With roads crowded, the arrival of an ambulance to the accident site and then rush to the nearest hospital can be difficult these days. And in a city like Muscat where most motorists drive with their air-conditioners on, the ambulance siren is unlikely to be heard.
Lights and sirens can only been seen and heard in the immediate area with sound insulation preventing any siren from being heard beyond the next car or two. Research has shown sirens can only be heard 8 to 12 metres from the emergency vehicle at intersections and only 2 metres from the emergency vehicle on an expressway.
The effective range of sirens is 8 to 12 metres at urban intersections and 2 metres when travelling at 100km per hour. This gives a warning time of under 5 seconds which is not enough for drivers to safely move out of the way, according to the company which exhibited its product at the recent Traffic Expo.
Radiolert Mobile FM80 of Emergency Warning Systems can be heard from 200 metres away from the emergency vehicle, according to an official of the company which is bringing the system to the Sultanate.
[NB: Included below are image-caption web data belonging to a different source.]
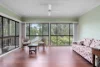 3 Niara Street, Ryde, NSW 2112-Image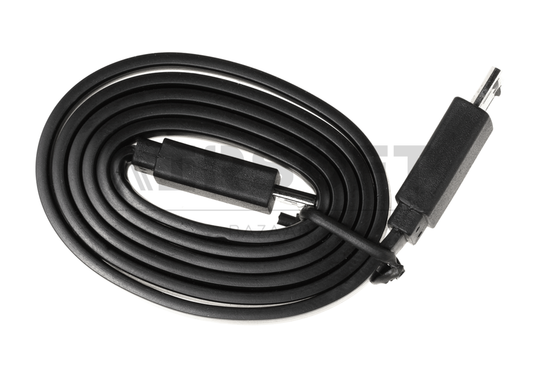 Micro-USB Cable for USB-Link 0.6m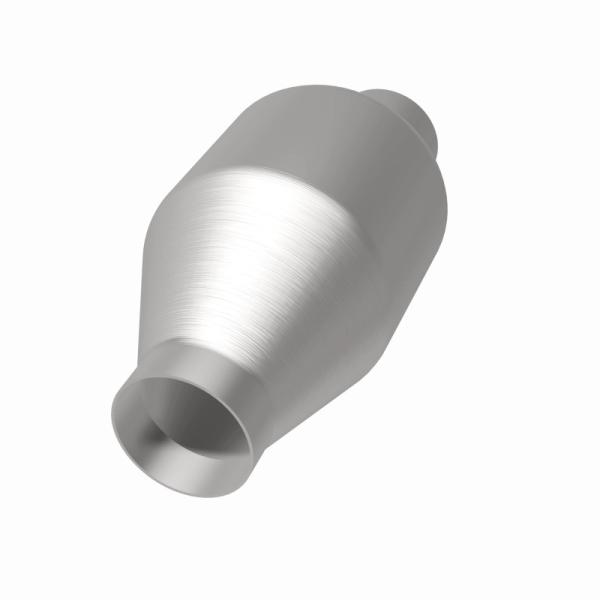 Magnaflow 59904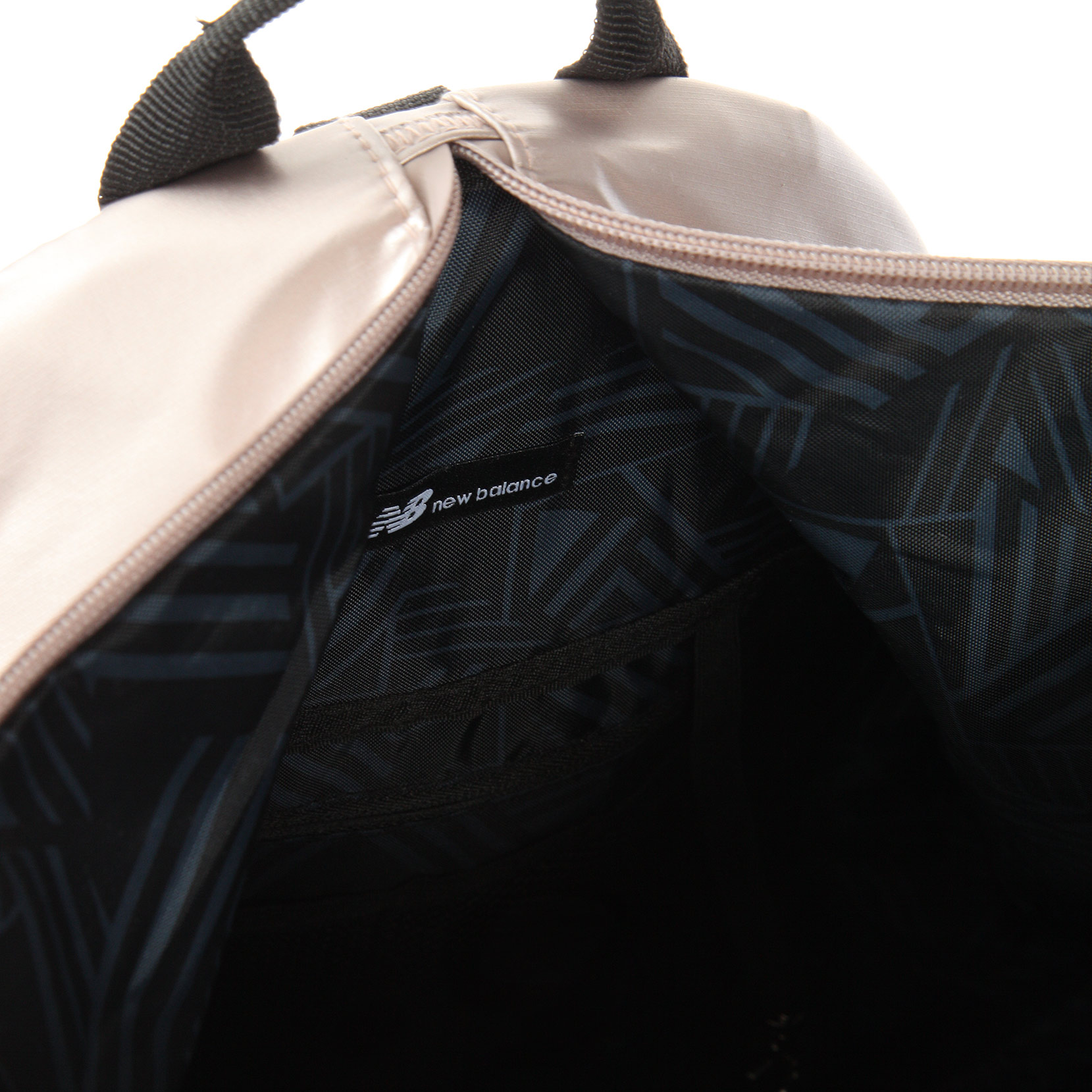 Рюкзак Performance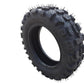 Off Road Tire - Ninebot S and miniPRO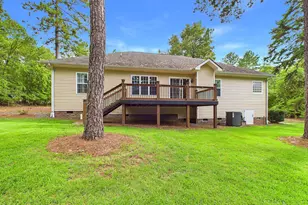 16 Ridge Rd, Jackson Springs, NC 27281 - Photo 56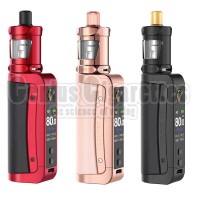 Innokin Coolfire Z80 5.5ml Zenith 2 Kit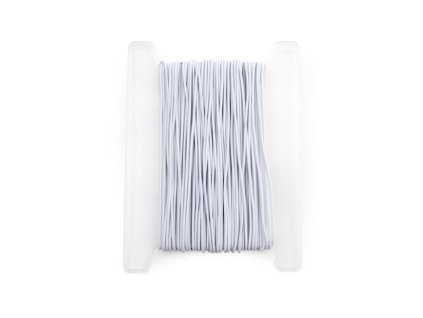 B1000702 - Gumiszalag rezgéskeltőhöz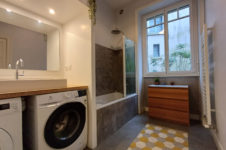 photo_c562016e9de4f013b58badef4b637fd8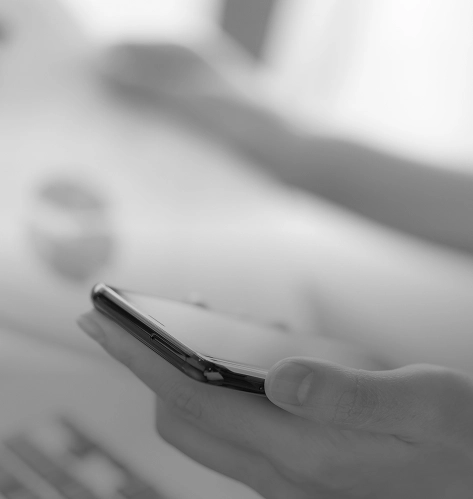 Inversiones en el extranjero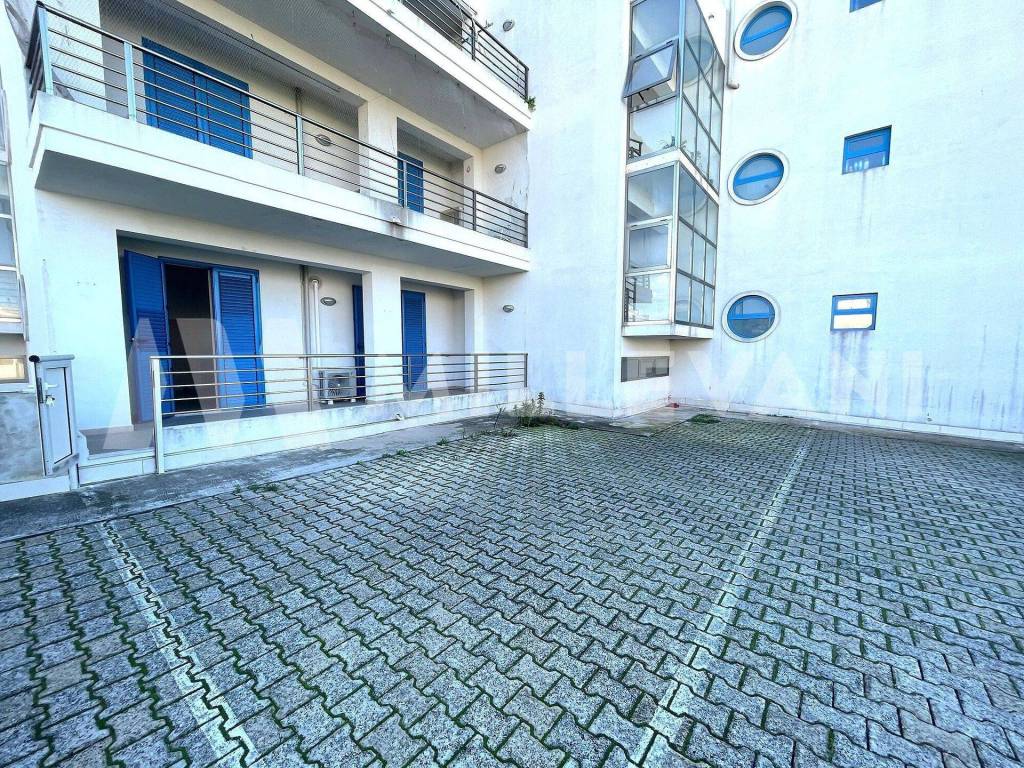 Appartamento a Scicli in Via Termopili - Foto 2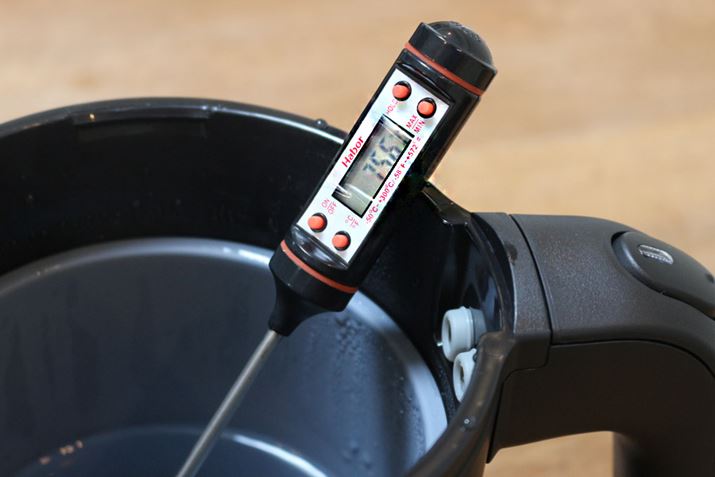 800𕦓A400mlgpB30ɌvƂAeɎc75.6L[vI ĕƂȂĂA2tڂȕۉ̍łi19Ō؁j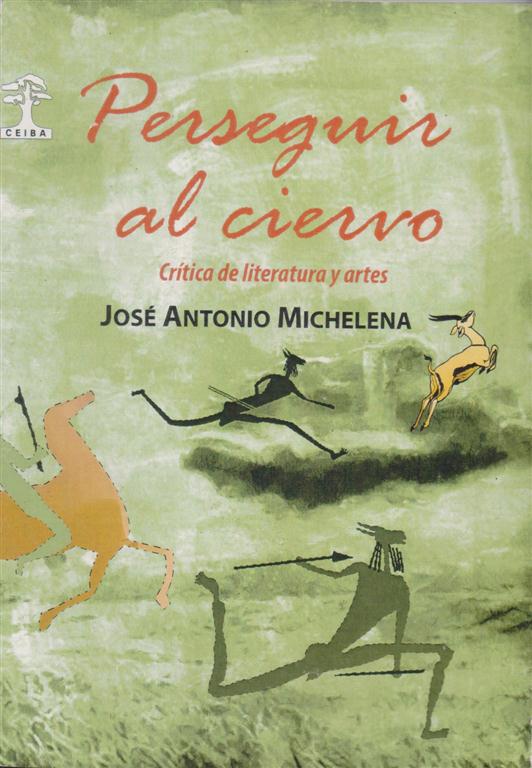 perseguir al ciervo (Medium)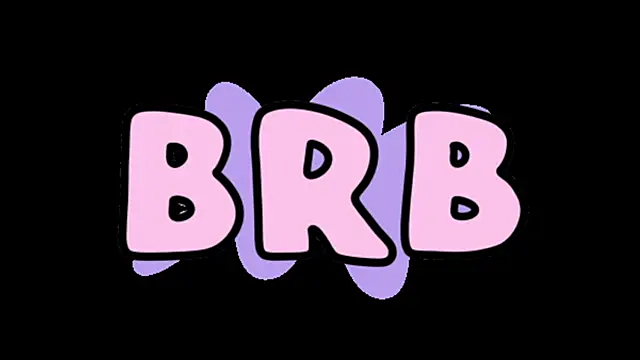 Snapshot of Valenn_smithh chatting on 03-10-25, 04:03 Valenn smithh online show from 03-10-25, 04:03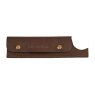 Lie-Nielsen Toolworks Lie-Nielsen Leather Saw Cases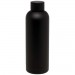  Spring 500 ml RCS-zertifizierte Kupfer-Vakuum Isolierflasche aus recyceltem Edelstahl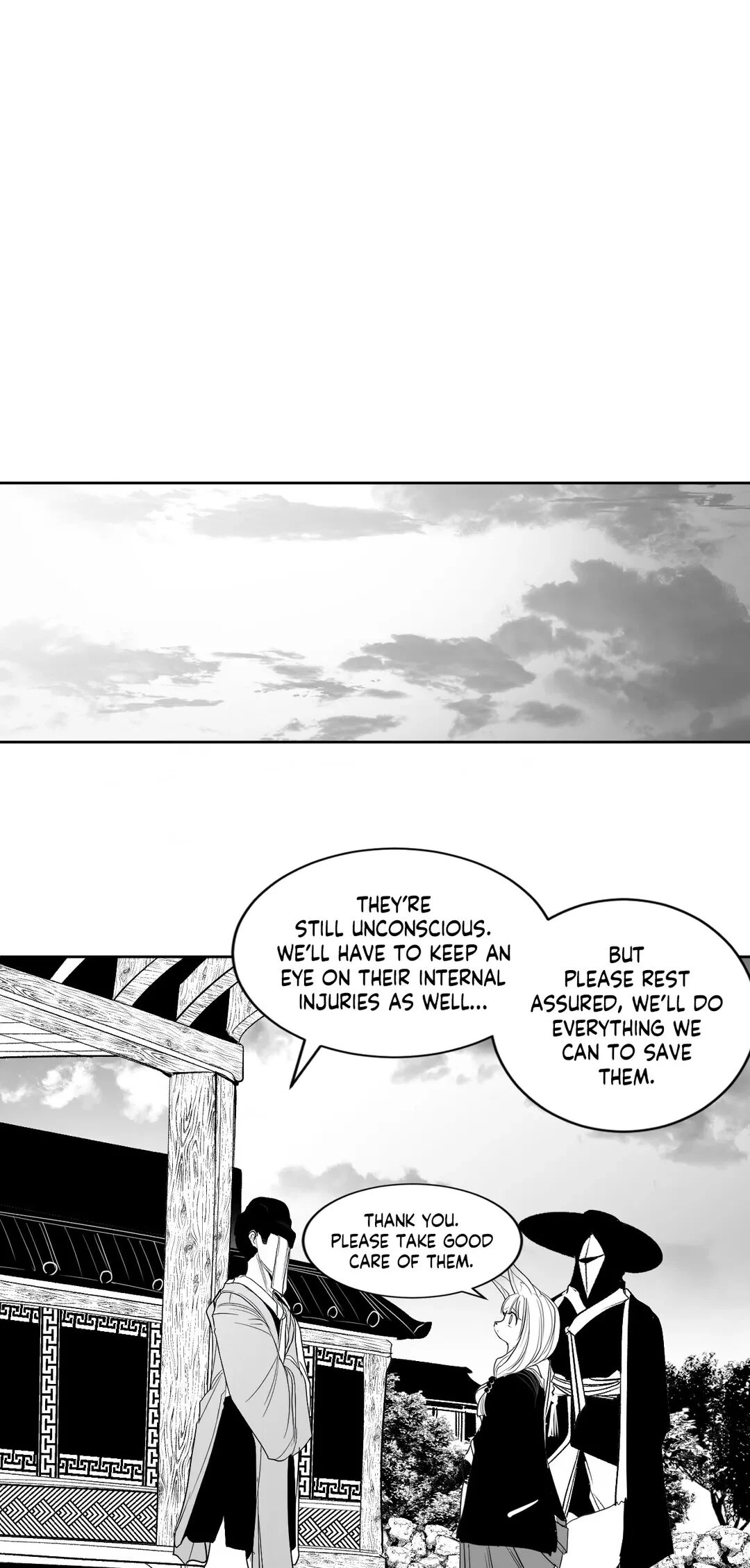 Chapter 119, page 17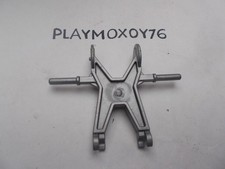 PLAYMOBIL. PLAYMOXOY76 SHOP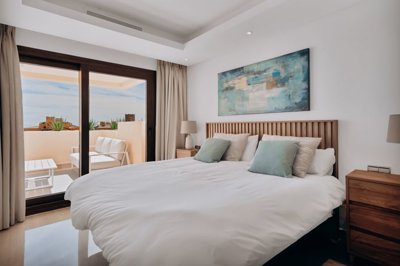 spcrm3811-yhz7vrehejxvlkue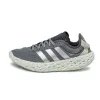 Adidas ZPONGE sold by Asphalt Gold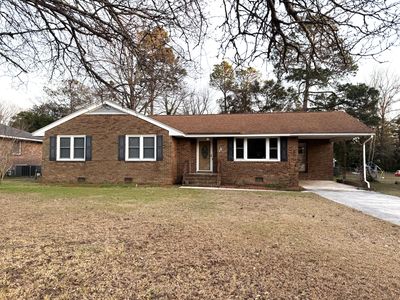 10 Lesesne Dr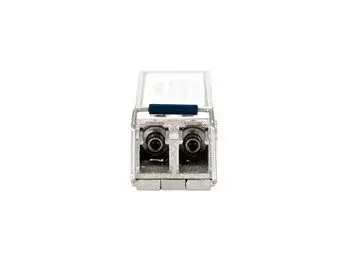 SFP трансивер LevelOne 1.25Gbps 20km 1310nm Photo 2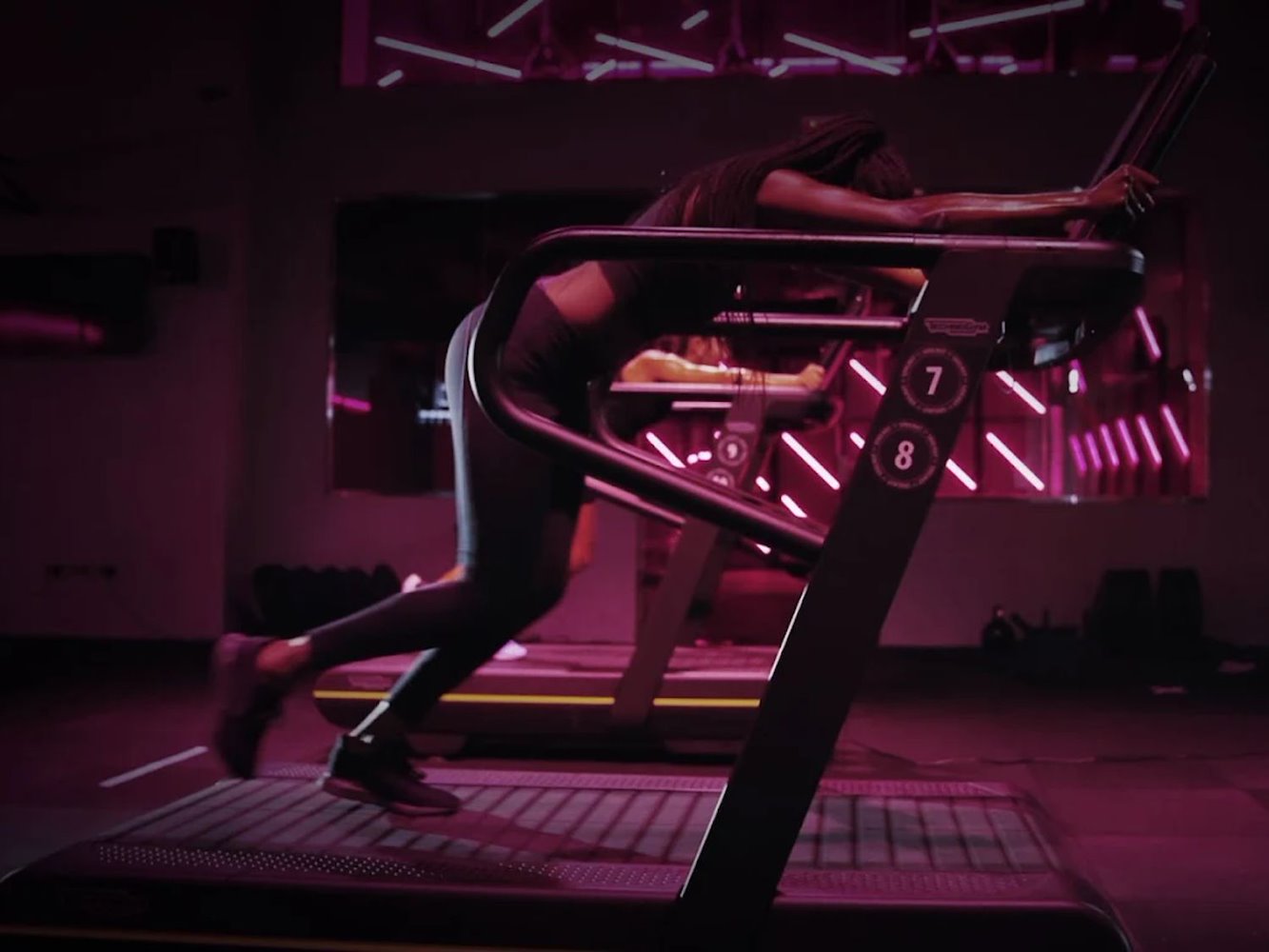 SOULHIIT - фото 7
This is an FM radio over-broadcast system which allows the emergency vehicle personnel to inform and instruct the surrounding drivers of the best course of action through their own FM radio receiver, the official said.
By communicating clear spoken instructions to drivers, they will know when and how to respond, thus reducing response times and the risk of accidents occurring to emergency personnel, vehicles and the public at large.
Lights and sirens increase the risk of being involved in a serious crash and decrease emergency response time by only 2 to 5 minutes.
Sirens create hazardous noise levels of 120 decibels and more. Regular exposure to this noise level for over a minute has the risk of permanent hearing loss.
The Radiolert Mobile FM80 provides a safer and more effective solution than sirens and can reach more drivers further ahead, claims the Melbourne-based company, whose product is being brought to the Sultanate by Al Madina Development and Supply.